» BRIEF: The entries below contain pictures, which are to be left out; write out exactly, and only, the lines from the line with "Vision Techconnect - USB-Verlängerungskabel" up to and including the line with "Villa Vincenza Vallo".

» RECORDS FOR PROCESSING:
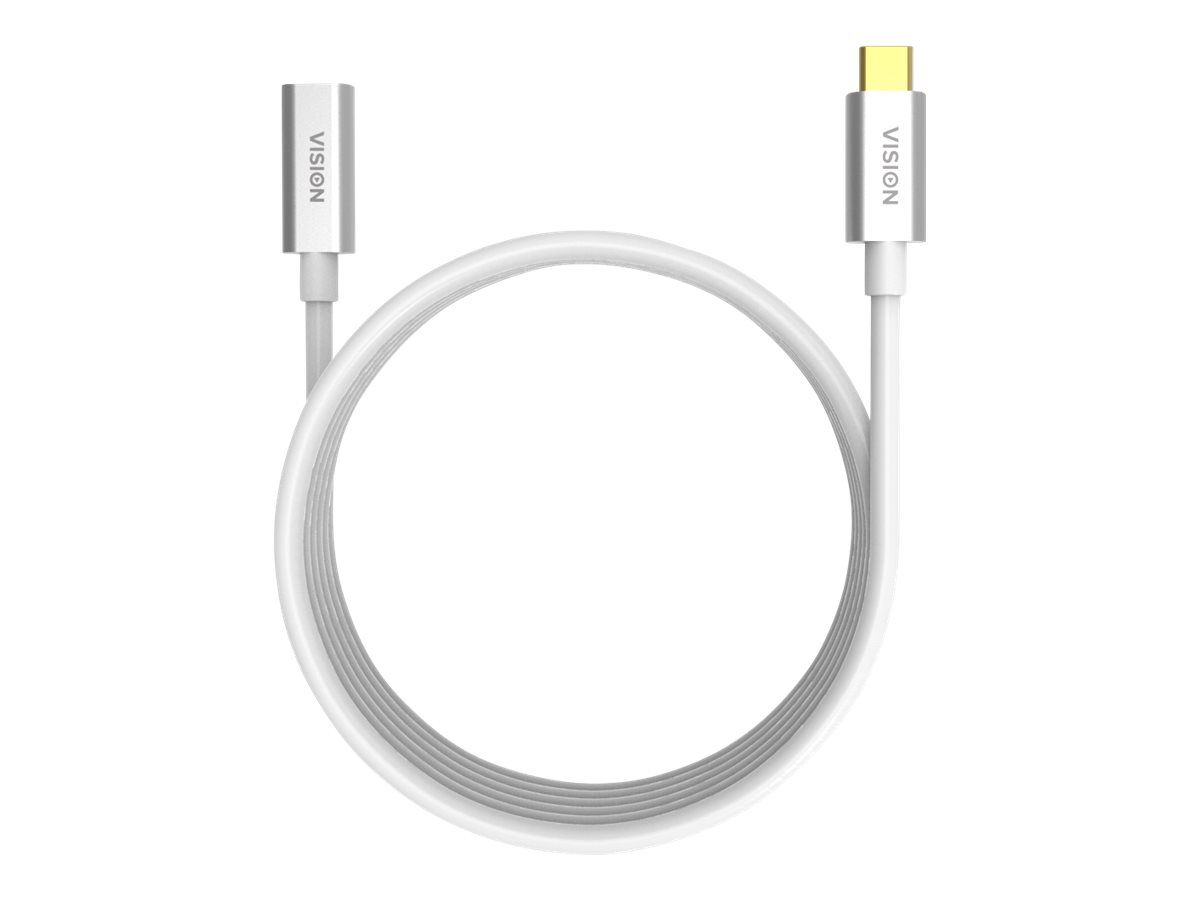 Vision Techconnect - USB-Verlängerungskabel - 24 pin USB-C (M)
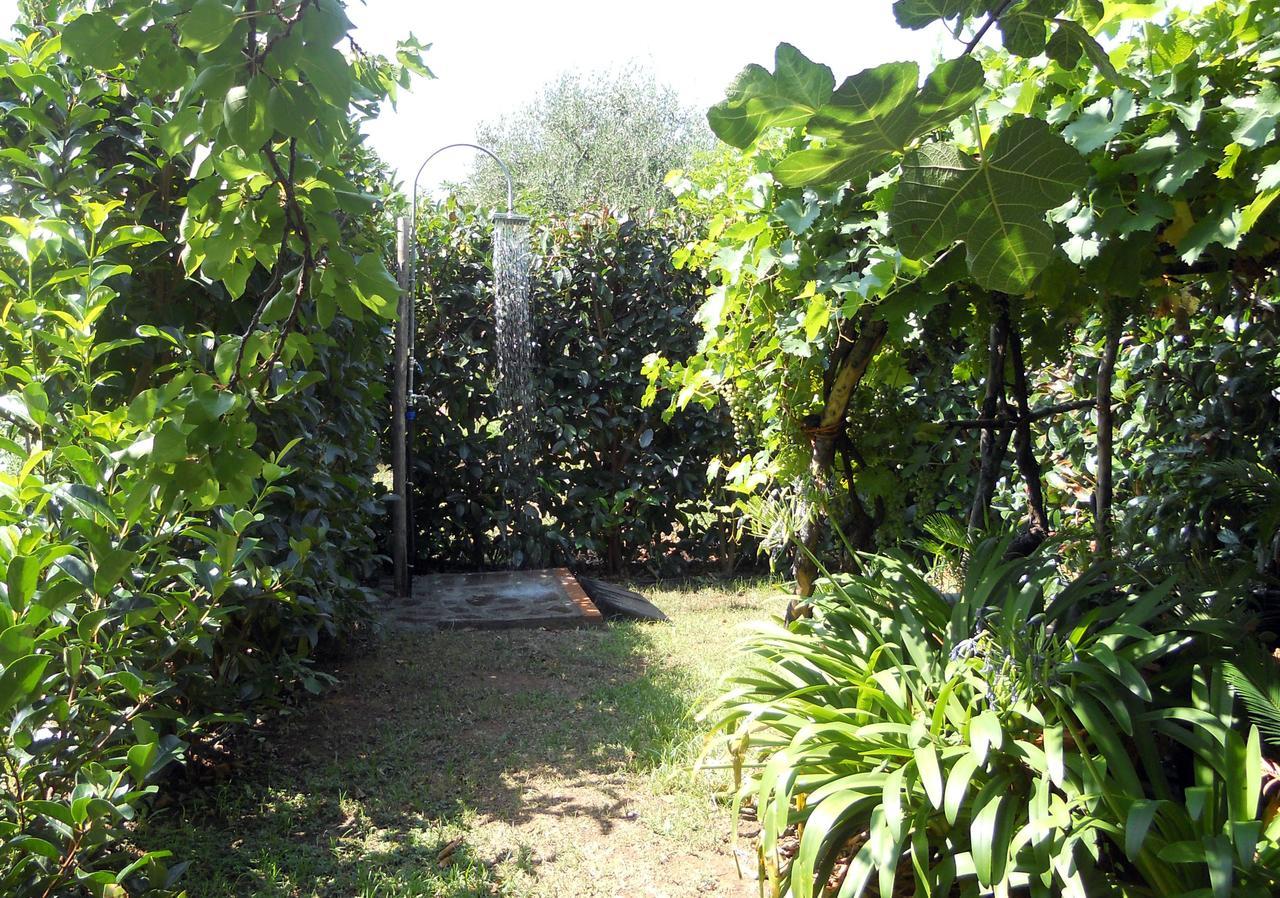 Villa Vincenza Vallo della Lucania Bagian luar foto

* * *

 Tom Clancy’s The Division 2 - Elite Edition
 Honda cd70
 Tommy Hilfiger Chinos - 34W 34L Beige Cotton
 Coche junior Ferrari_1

==

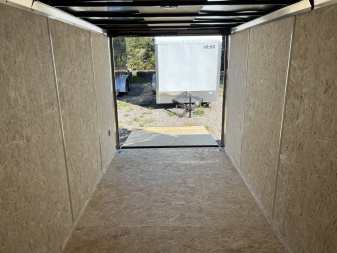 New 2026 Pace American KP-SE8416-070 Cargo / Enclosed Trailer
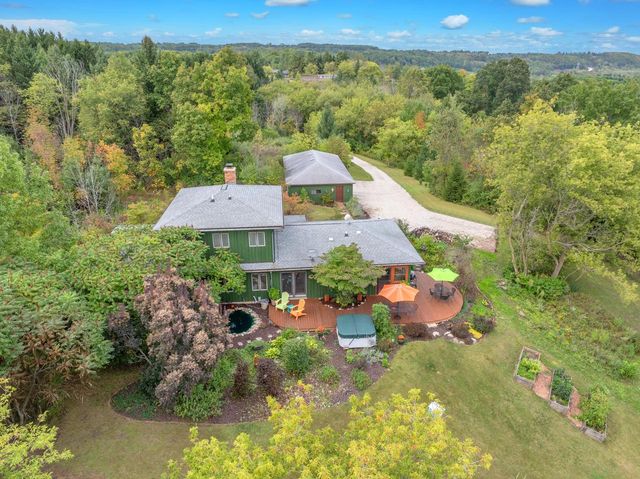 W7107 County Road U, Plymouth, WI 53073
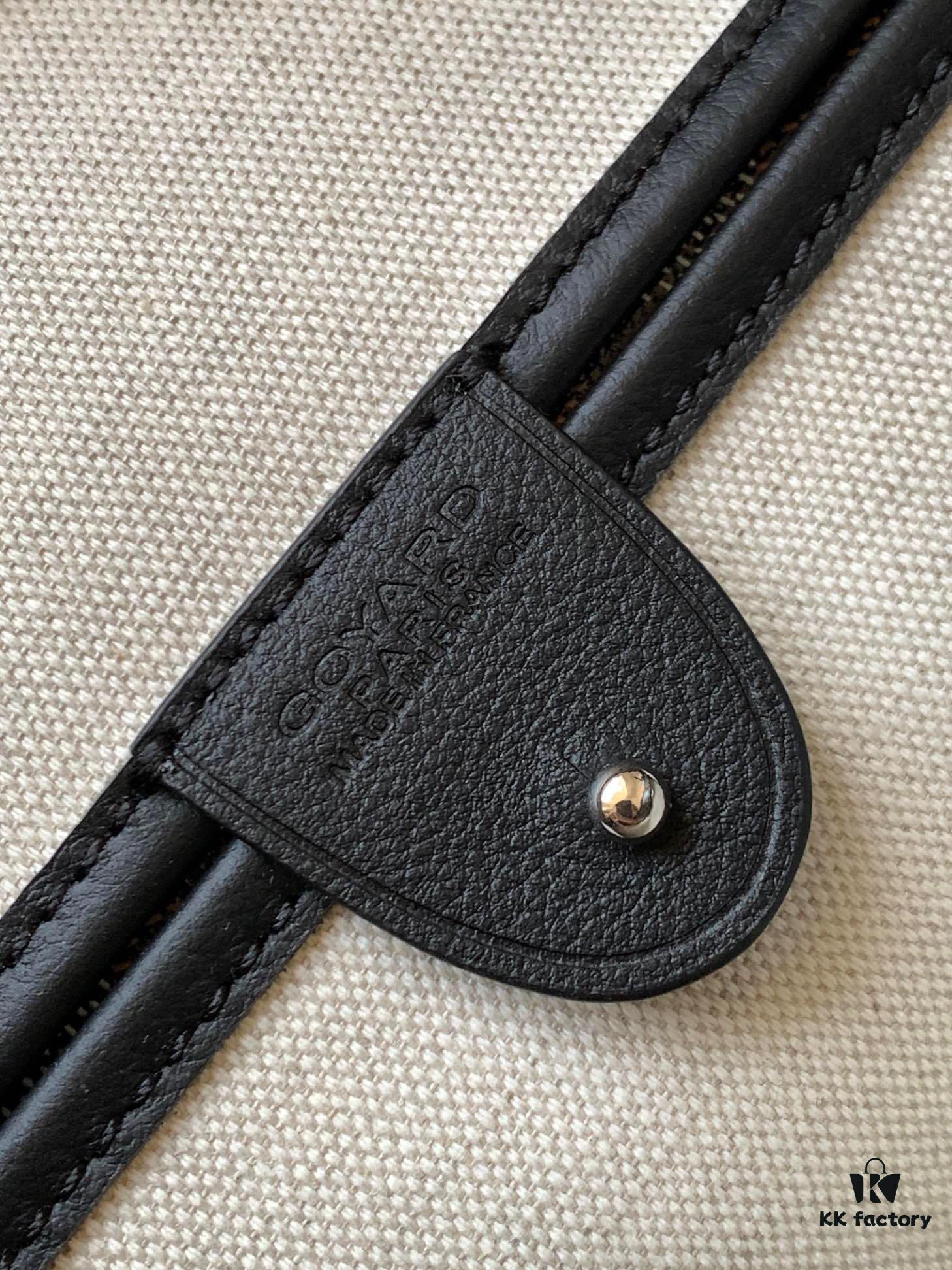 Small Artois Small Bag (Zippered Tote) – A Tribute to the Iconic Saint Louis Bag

» TASK OUTPUT:
 Vision Techconnect - USB-Verlängerungskabel - 24 pin USB-C (M)
 Villa Vincenza Vallo della Lucania Bagian luar foto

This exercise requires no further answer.